═══ EXERCISE DATA ═══

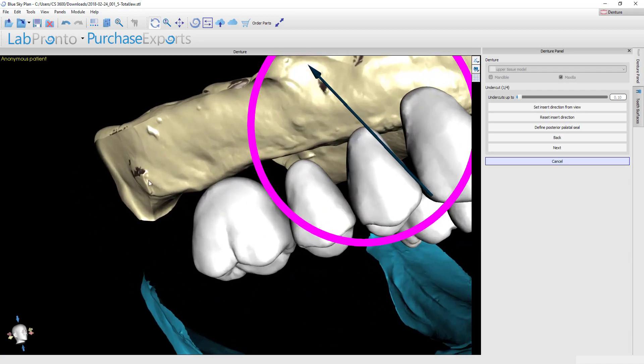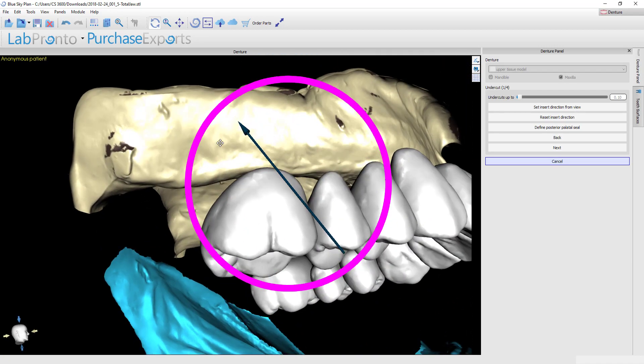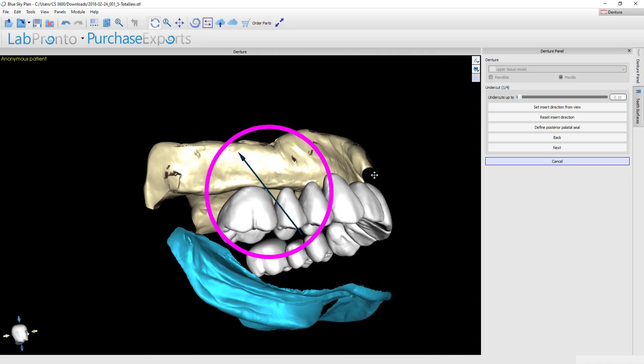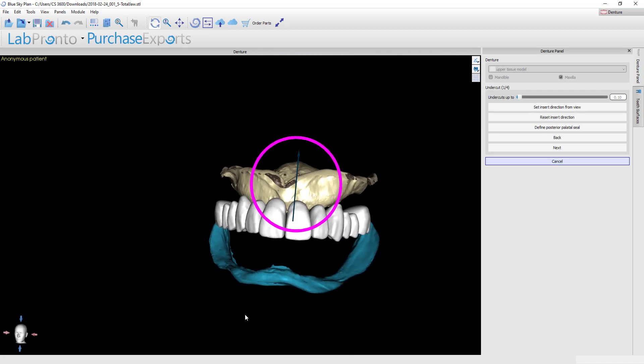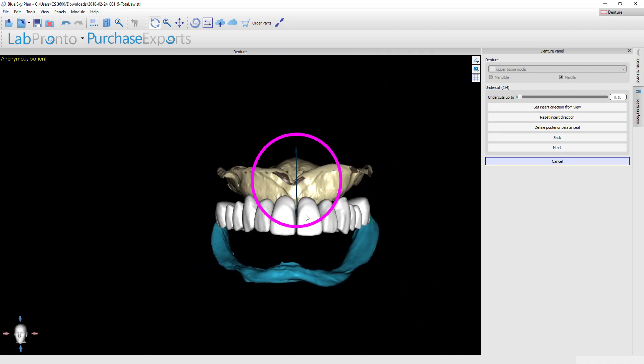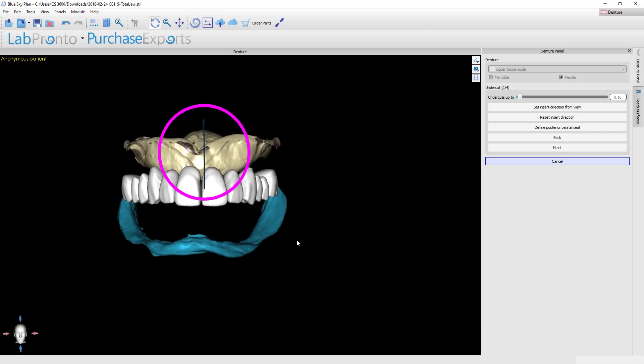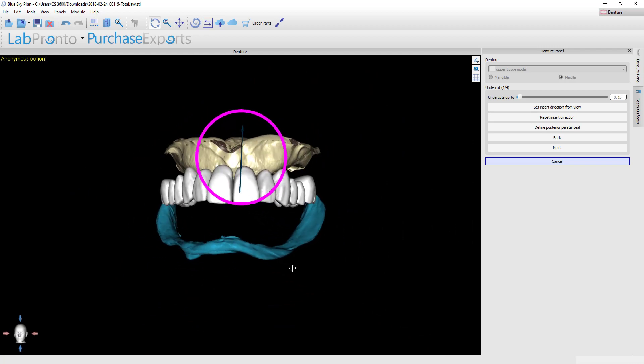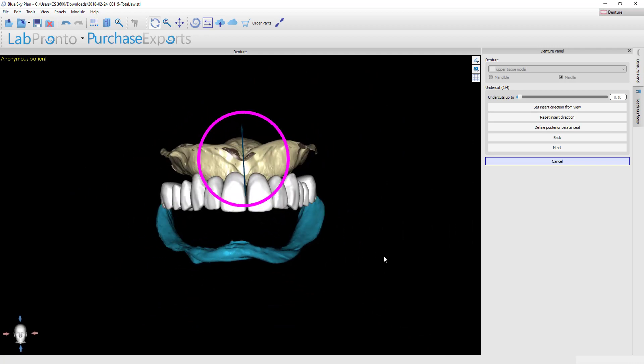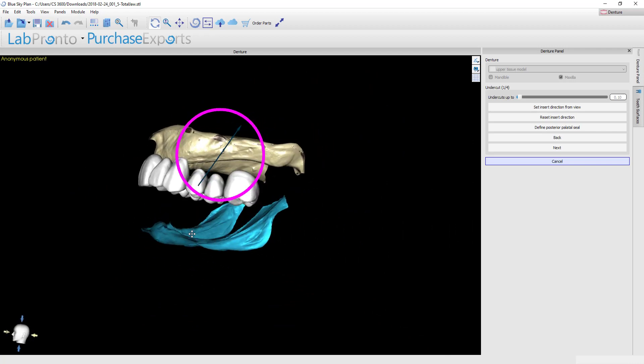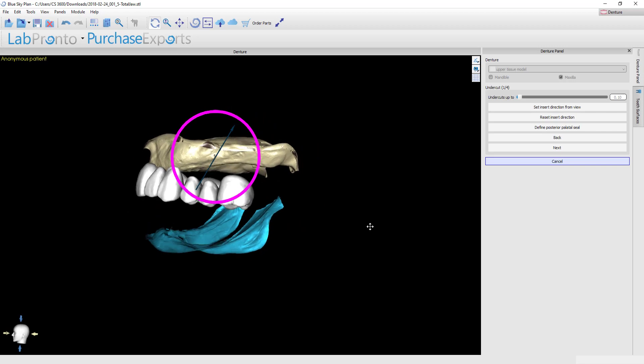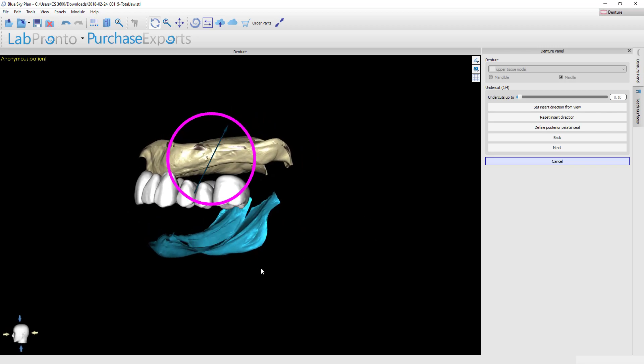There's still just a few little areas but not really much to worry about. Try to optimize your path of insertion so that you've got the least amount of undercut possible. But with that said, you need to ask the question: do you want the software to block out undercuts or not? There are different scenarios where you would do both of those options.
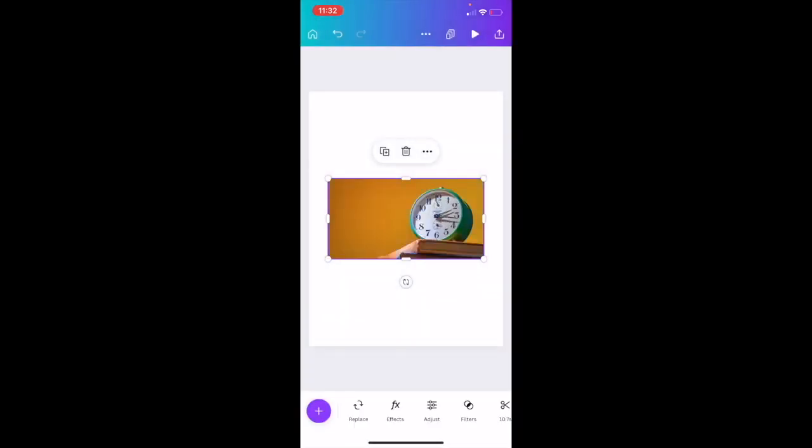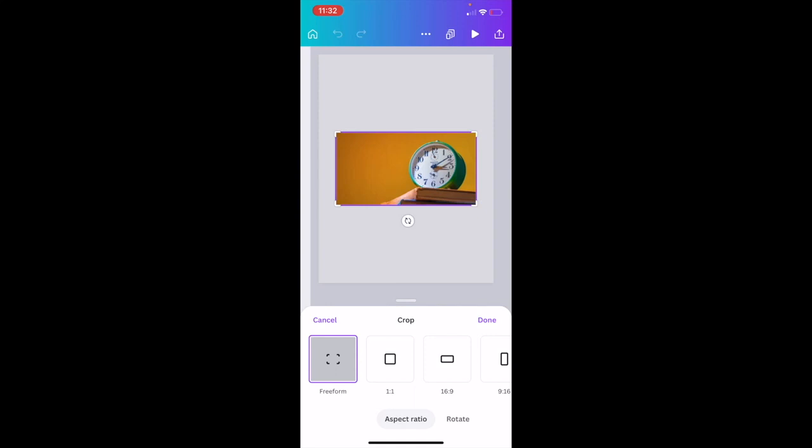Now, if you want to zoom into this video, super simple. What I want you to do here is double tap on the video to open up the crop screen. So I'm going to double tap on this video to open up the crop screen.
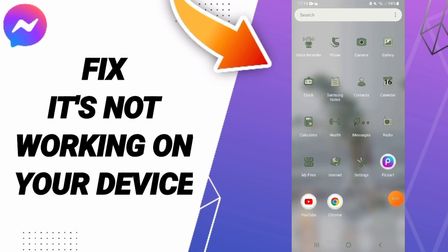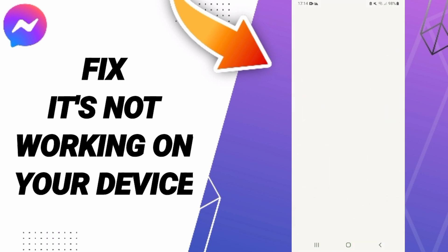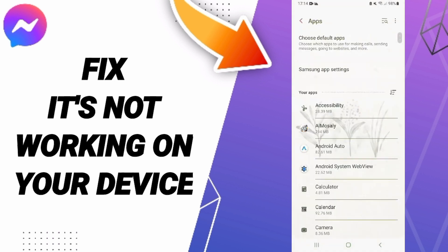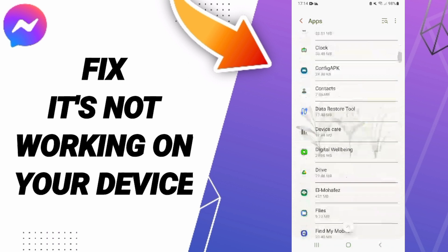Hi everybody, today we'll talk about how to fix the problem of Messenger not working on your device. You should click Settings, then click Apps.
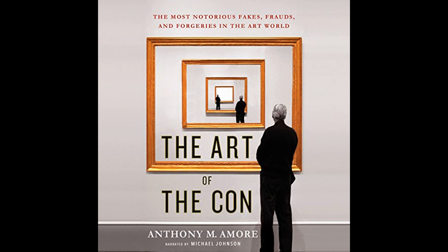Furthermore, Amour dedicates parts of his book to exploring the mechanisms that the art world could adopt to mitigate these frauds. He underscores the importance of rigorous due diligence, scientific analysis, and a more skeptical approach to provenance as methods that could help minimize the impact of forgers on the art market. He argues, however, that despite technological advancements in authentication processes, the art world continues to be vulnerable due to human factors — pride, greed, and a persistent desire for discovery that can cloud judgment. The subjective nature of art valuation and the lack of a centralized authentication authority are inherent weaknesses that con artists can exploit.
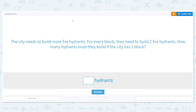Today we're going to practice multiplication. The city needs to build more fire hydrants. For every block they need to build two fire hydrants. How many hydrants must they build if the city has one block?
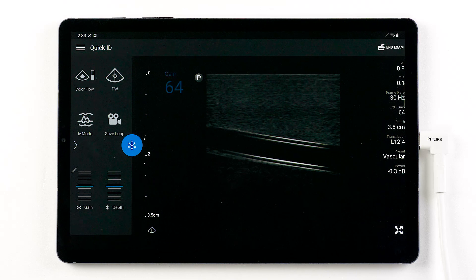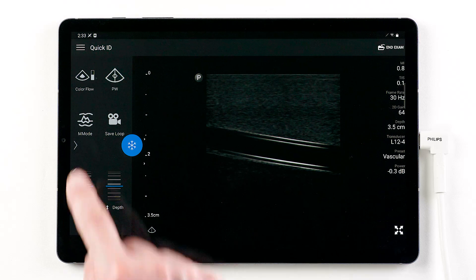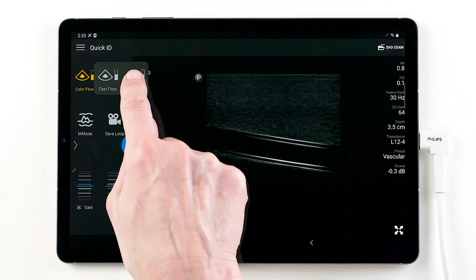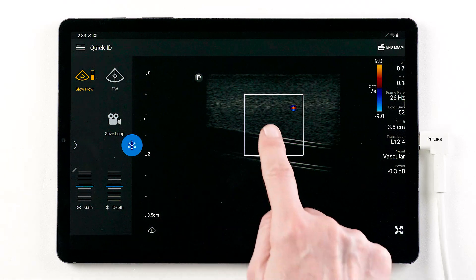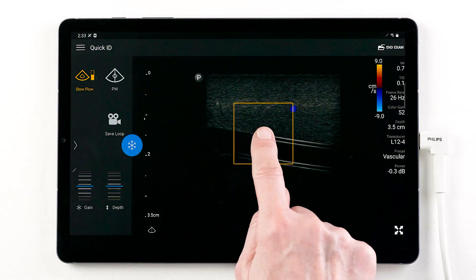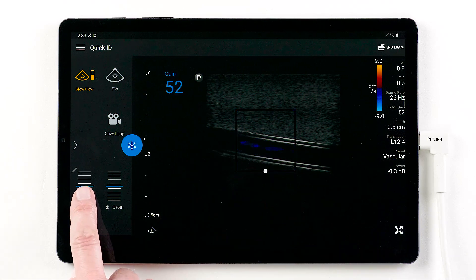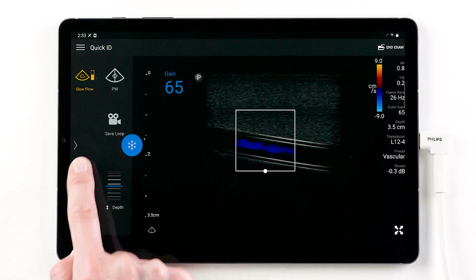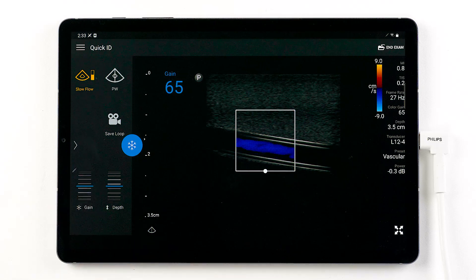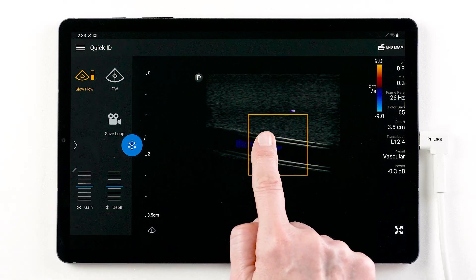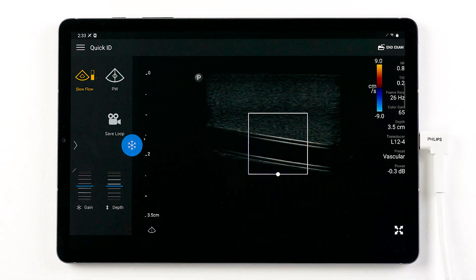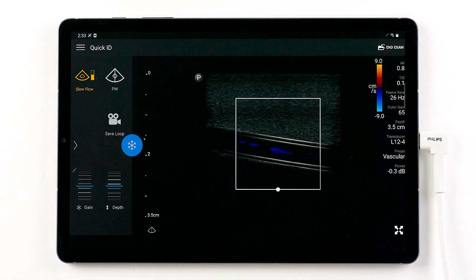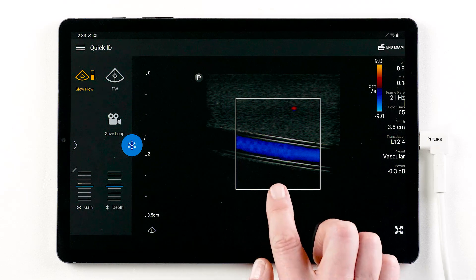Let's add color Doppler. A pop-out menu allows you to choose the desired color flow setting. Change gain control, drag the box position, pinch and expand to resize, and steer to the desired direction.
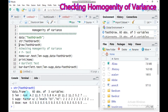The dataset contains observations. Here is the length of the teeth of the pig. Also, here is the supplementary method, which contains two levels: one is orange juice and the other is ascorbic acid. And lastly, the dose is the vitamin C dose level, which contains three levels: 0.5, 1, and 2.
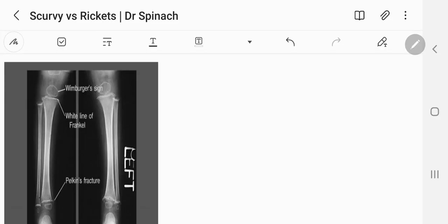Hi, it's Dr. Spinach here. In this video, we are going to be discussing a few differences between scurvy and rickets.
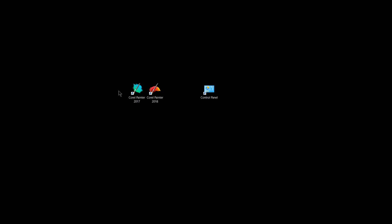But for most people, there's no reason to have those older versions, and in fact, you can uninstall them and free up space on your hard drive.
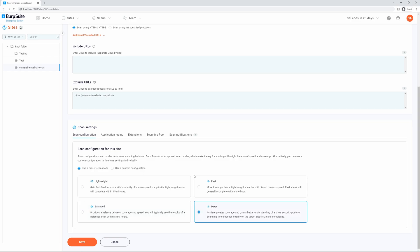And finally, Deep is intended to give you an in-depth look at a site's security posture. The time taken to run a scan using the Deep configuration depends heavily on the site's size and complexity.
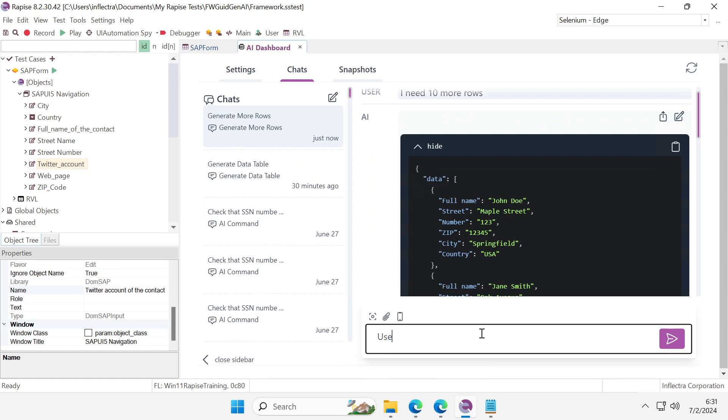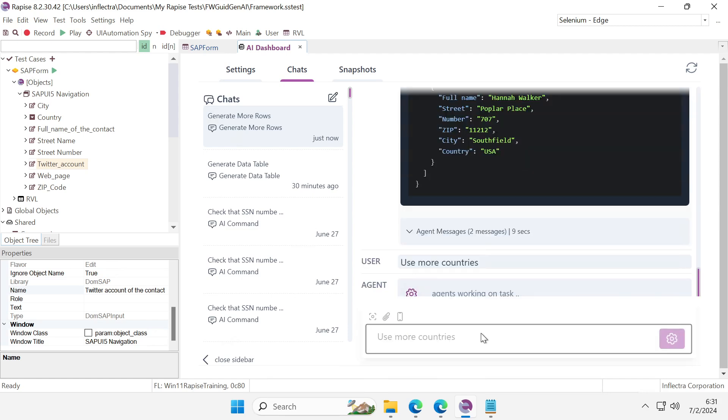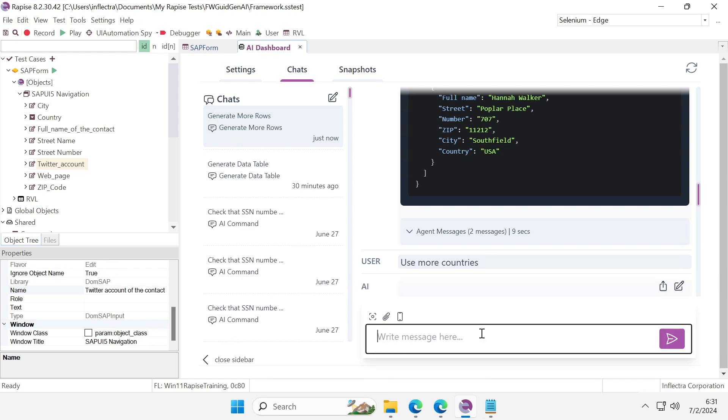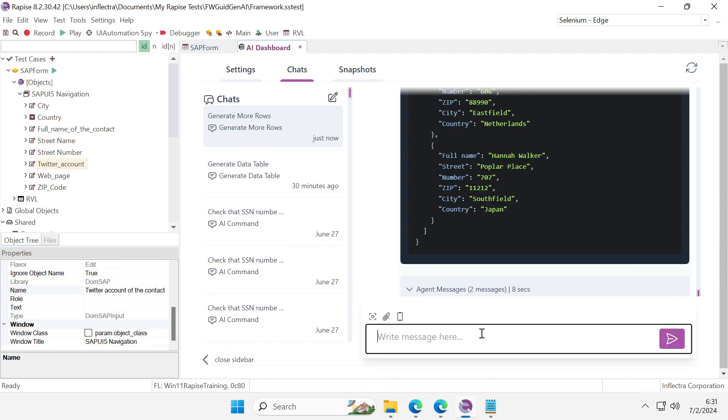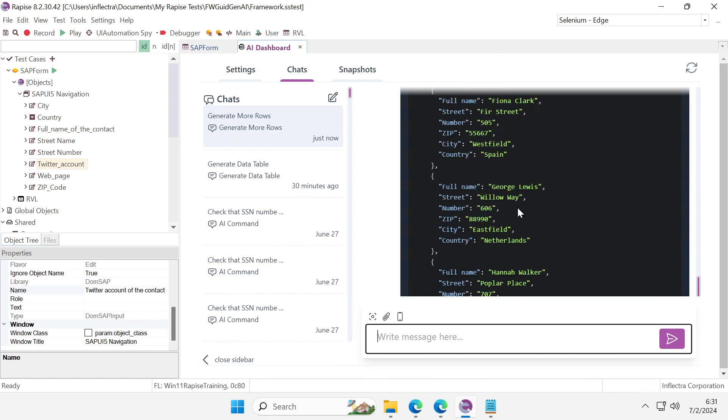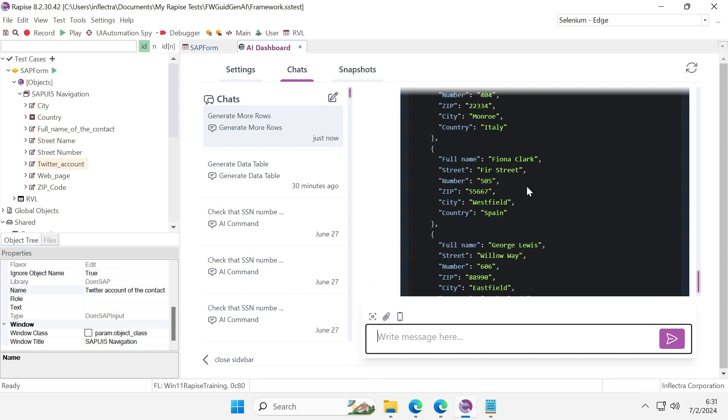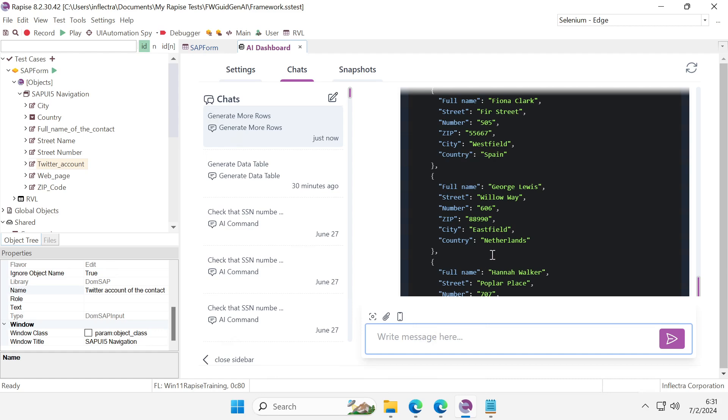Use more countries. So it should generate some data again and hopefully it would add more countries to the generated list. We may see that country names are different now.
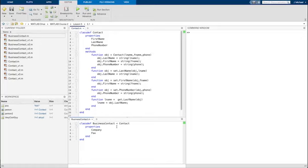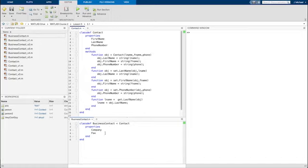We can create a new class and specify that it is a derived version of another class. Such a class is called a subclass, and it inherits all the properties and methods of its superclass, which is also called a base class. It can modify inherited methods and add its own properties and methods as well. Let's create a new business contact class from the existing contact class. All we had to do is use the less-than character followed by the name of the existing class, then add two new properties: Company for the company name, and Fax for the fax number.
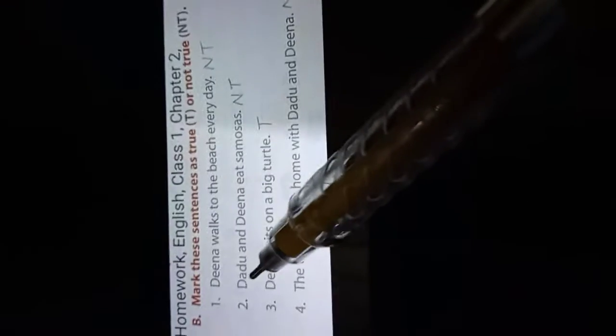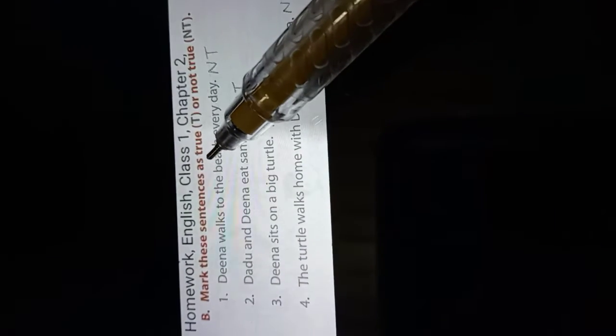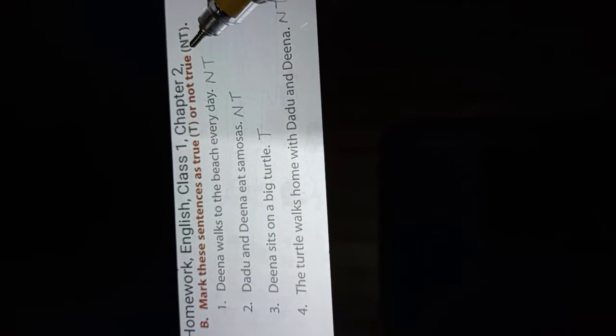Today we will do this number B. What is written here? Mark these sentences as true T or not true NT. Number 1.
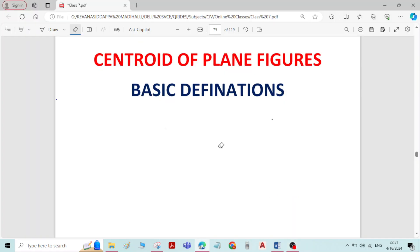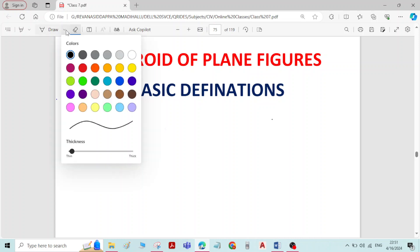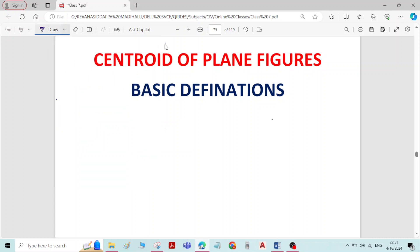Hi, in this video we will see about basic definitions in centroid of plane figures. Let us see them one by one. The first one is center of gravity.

═══

Your reply must reproduce all of the entries exactly and contain no pictures.

» **ANSWER FOR THE TASK**:
There's still just a few little areas but not really much to worry about. Try to optimize your path of insertion so that you've got the least amount of undercut possible. But with that said, you need to ask the question: do you want the software to block out undercuts or not? There are different scenarios where you would do both of those options.
Now, if you want to zoom into this video, super simple. What I want you to do here is double tap on the video to open up the crop screen. So I'm going to double tap on this video to open up the crop screen.
Hi everybody, today we'll talk about how to fix the problem of Messenger not working on your device. You should click Settings, then click Apps.
Furthermore, Amour dedicates parts of his book to exploring the mechanisms that the art world could adopt to mitigate these frauds. He underscores the importance of rigorous due diligence, scientific analysis, and a more skeptical approach to provenance as methods that could help minimize the impact of forgers on the art market. He argues, however, that despite technological advancements in authentication processes, the art world continues to be vulnerable due to human factors — pride, greed, and a persistent desire for discovery that can cloud judgment. The subjective nature of art valuation and the lack of a centralized authentication authority are inherent weaknesses that con artists can exploit.
Today we're going to practice multiplication. The city needs to build more fire hydrants. For every block they need to build two fire hydrants. How many hydrants must they build if the city has one block?
Let's add color Doppler. A pop-out menu allows you to choose the desired color flow setting. Change gain control, drag the box position, pinch and expand to resize, and steer to the desired direction.
The dataset contains observations. Here is the length of the teeth of the pig. Also, here is the supplementary method, which contains two levels: one is orange juice and the other is ascorbic acid. And lastly, the dose is the vitamin C dose level, which contains three levels: 0.5, 1, and 2.
Hi, it's Dr. Spinach here. In this video, we are going to be discussing a few differences between scurvy and rickets.
But for most people, there's no reason to have those older versions, and in fact, you can uninstall them and free up space on your hard drive.
And finally, Deep is intended to give you an in-depth look at a site's security posture. The time taken to run a scan using the Deep configuration depends heavily on the site's size and complexity.
Use more countries. So it should generate some data again and hopefully it would add more countries to the generated list. We may see that country names are different now.
We can create a new class and specify that it is a derived version of another class. Such a class is called a subclass, and it inherits all the properties and methods of its superclass, which is also called a base class. It can modify inherited methods and add its own properties and methods as well. Let's create a new business contact class from the existing contact class. All we had to do is use the less-than character followed by the name of the existing class, then add two new properties: Company for the company name, and Fax for the fax number.
Today we will do this number B. What is written here? Mark these sentences as true T or not true NT. Number 1.
Hi, in this video we will see about basic definitions in centroid of plane figures. Let us see them one by one. The first one is center of gravity.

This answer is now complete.